** Available data follows **
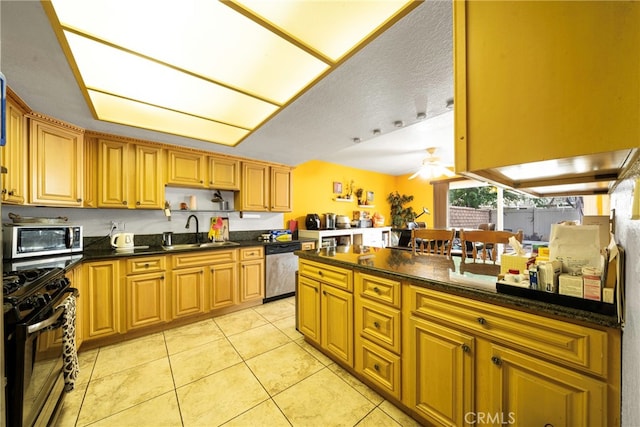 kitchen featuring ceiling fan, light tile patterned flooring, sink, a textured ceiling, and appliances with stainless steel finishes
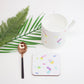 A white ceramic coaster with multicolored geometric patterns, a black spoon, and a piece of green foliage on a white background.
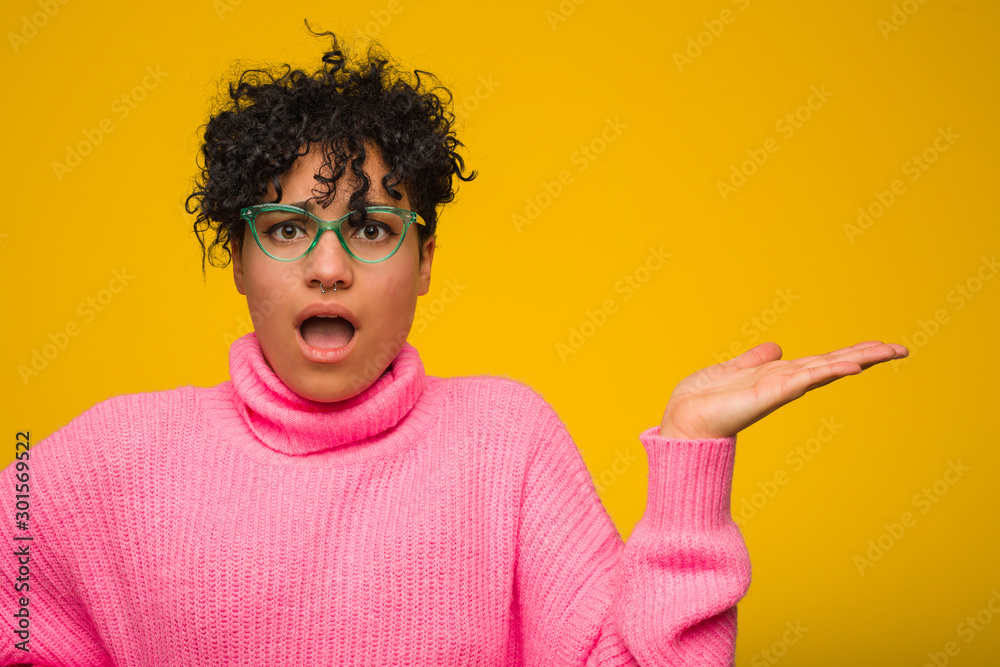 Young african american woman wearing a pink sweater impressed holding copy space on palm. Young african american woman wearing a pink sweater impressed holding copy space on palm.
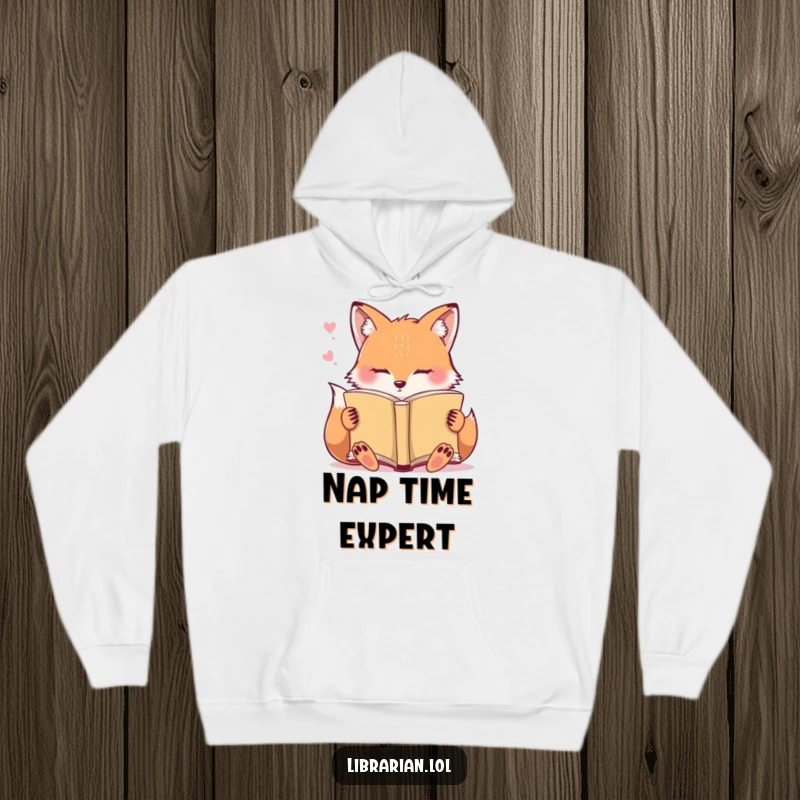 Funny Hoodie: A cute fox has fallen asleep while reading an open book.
** End of Available data **
Above is a listing with pictures. Write it out exactly without them.

 kitchen featuring ceiling fan, light tile patterned flooring, sink, a textured ceiling, and appliances with stainless steel finishes
 A white ceramic coaster with multicolored geometric patterns, a black spoon, and a piece of green foliage on a white background.
 Young african american woman wearing a pink sweater impressed holding copy space on palm. Young african american woman wearing a pink sweater impressed holding copy space on palm.
 Funny Hoodie: A cute fox has fallen asleep while reading an open book.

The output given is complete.